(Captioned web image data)

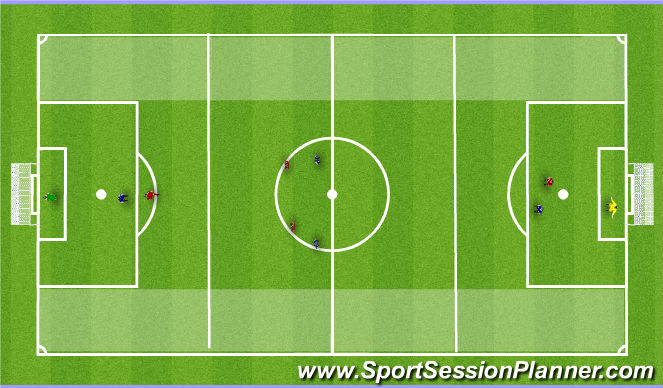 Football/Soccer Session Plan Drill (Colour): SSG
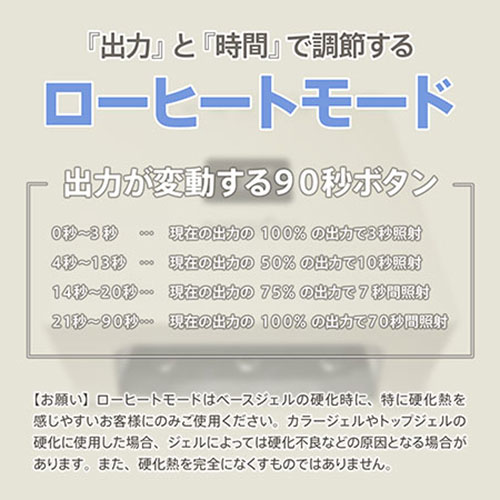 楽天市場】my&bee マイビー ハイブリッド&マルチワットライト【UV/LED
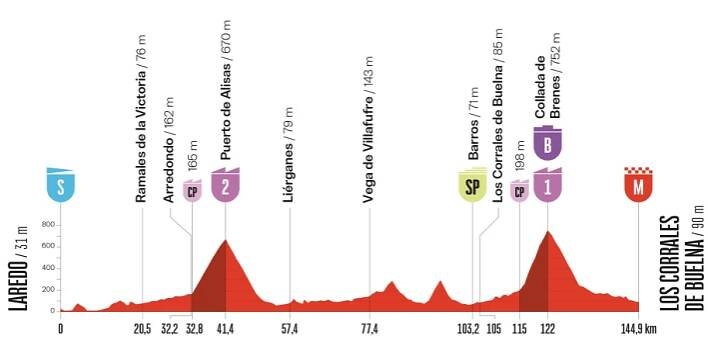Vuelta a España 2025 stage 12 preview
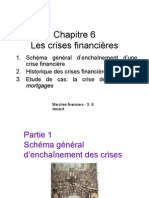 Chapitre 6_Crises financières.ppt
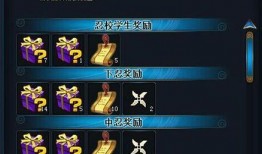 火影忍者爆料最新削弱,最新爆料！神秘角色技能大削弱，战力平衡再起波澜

EXERCISE:
For each entry, copy the text exactly and leave out any image it carries.

WRITTEN SOLUTION:
 Football/Soccer Session Plan Drill (Colour): SSG
 楽天市場】my&bee マイビー ハイブリッド&マルチワットライト【UV/LED
Vuelta a España 2025 stage 12 preview
 Chapitre 6_Crises financières.ppt
 火影忍者爆料最新削弱,最新爆料！神秘角色技能大削弱，战力平衡再起波澜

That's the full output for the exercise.